Faulkner Fox explores this issue in greater depth in her first book, "Dispatches from a Not-So-Perfect Life, or How I Learned to Love the House, the Man, the Child"; (Harmony Books, January 2004). In the following interview, she graciously responds to my nosey questions about what it was like to write such an intimate, forthright and original account of her own experience with— and resistance to— motherhood as we live it here and now.

Judith Stadtman Tucker
December 2003

MMO: The emotional landscape of Dispatches from a Not-So-Perfect Life lies pretty close to the bone— not only in its representation of your disenchantment with the cultural set-up of motherhood but also in the depiction of your marriage. What sort of resources— inner or otherwise— did you need to muster to write this book, in this way?

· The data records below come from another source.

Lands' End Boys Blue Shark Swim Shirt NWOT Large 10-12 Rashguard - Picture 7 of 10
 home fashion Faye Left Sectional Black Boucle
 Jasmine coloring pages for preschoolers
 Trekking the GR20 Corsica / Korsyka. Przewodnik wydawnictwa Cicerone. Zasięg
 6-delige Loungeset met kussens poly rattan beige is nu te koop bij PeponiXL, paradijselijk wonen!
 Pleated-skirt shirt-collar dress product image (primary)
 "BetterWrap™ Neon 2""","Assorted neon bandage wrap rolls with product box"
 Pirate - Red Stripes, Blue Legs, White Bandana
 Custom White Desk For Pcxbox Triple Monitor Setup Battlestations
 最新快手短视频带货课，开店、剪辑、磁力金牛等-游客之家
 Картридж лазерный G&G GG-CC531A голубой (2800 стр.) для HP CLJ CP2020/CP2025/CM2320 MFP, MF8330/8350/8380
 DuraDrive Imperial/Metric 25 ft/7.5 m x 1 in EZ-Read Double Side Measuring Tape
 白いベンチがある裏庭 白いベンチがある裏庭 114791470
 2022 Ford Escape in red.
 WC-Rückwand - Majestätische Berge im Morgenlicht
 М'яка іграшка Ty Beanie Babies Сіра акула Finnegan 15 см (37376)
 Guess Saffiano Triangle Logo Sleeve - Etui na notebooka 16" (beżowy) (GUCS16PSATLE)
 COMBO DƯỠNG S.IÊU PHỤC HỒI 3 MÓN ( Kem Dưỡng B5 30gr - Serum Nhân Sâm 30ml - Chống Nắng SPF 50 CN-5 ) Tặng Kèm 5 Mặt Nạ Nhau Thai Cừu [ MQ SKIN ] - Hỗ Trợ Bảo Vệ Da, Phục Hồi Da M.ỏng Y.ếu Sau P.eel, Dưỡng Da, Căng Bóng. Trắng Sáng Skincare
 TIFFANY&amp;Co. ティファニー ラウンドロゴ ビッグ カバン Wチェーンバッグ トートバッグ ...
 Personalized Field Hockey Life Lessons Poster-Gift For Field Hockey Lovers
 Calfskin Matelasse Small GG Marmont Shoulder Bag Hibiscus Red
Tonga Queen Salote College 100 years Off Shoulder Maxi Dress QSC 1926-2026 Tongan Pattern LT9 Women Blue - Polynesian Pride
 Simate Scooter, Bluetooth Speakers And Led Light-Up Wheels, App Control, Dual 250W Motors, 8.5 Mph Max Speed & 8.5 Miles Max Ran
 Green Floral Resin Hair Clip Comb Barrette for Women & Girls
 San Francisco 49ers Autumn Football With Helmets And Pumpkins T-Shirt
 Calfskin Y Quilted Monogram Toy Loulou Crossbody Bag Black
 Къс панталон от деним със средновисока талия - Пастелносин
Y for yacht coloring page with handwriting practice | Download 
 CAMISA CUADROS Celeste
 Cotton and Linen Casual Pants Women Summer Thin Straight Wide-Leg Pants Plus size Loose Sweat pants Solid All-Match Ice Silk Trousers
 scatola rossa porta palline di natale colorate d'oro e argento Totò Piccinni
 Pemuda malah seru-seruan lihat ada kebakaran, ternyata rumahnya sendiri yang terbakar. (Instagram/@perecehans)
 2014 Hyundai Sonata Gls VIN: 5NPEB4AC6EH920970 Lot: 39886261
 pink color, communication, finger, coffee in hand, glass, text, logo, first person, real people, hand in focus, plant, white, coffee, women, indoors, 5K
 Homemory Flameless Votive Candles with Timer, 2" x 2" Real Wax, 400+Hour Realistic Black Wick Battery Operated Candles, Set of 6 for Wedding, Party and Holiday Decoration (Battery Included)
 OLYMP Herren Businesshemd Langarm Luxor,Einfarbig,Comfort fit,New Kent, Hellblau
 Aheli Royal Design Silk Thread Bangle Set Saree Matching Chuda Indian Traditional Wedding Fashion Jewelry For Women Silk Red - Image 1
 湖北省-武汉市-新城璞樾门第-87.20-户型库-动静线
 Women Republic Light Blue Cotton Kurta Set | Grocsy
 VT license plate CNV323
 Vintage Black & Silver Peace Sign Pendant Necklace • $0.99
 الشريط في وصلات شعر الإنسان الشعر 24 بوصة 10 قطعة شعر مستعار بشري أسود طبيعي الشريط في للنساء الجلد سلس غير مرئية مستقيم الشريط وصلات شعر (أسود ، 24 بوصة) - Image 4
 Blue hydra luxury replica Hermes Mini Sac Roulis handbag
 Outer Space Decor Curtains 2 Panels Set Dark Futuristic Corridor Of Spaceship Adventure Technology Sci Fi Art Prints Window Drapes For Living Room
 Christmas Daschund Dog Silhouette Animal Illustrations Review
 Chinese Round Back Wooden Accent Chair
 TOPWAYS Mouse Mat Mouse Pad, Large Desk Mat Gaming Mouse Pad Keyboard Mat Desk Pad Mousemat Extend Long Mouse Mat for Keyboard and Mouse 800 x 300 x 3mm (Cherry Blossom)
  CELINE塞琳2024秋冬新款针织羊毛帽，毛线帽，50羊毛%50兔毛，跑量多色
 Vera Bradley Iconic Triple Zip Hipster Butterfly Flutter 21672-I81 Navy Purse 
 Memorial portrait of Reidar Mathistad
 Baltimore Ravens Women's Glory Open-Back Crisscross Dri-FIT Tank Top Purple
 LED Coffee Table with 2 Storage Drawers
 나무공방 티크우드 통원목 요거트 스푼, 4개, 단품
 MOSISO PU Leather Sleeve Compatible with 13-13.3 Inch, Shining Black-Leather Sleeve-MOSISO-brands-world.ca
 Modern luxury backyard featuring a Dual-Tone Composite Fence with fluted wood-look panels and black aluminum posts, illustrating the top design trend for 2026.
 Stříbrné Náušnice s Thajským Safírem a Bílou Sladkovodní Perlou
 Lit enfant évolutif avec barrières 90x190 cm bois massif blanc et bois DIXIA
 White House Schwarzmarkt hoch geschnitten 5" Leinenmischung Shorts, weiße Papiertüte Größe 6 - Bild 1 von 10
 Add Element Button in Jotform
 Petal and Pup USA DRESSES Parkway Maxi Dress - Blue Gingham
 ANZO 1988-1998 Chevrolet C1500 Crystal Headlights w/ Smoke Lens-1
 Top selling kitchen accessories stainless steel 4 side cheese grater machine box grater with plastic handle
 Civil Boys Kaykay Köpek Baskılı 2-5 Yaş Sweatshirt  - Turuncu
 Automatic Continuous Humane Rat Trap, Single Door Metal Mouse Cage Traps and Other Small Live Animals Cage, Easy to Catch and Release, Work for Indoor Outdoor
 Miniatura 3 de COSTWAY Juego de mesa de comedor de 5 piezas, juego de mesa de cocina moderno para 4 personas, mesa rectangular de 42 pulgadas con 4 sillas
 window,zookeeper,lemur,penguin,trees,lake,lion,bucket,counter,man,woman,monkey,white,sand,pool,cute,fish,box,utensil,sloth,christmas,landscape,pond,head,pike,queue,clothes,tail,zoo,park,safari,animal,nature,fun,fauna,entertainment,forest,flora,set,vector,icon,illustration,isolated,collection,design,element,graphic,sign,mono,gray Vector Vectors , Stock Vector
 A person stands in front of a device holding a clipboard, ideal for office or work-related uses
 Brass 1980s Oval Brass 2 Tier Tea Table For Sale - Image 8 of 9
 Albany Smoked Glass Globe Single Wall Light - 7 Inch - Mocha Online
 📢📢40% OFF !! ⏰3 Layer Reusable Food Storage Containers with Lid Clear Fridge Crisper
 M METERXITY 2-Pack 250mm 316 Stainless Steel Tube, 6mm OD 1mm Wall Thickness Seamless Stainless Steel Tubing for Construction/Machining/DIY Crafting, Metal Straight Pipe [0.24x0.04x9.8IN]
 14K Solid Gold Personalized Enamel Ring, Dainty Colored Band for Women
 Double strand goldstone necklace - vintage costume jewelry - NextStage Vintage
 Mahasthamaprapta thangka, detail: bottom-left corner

Faulkner Fox: I had a lot of emotional support from friends, many of whom were writers. This was absolutely essential. There were definitely dark days when I thought, “What am I doing? I shouldn't say this!” All writers, especially writers of creative non-fiction, face these doubts, though. If your goal is to tell the truth as you see it— and that was unquestionably my primary goal— then you will likely upset at least a few people. Friends help you stick with it through the fear.

Also, whenever I had a really bad session of writing and felt like giving up, I’d inevitably see a mother soon after who was obviously struggling, and I’d be reminded that I had to write this book. It didn’t feel optional. Too many women struck me as isolated and full of guilt. I wanted to write something to make them feel better. I had no idea if I actually could, but the possibility that I might kept me going when I really didn’t feel like writing the book. Every day before I wrote, I started with a prayer. It went like this: “Please give me the vision to see the truth, and the courage to tell it.” It did take courage to write Dispatches. I felt I was breaking a lot of taboos.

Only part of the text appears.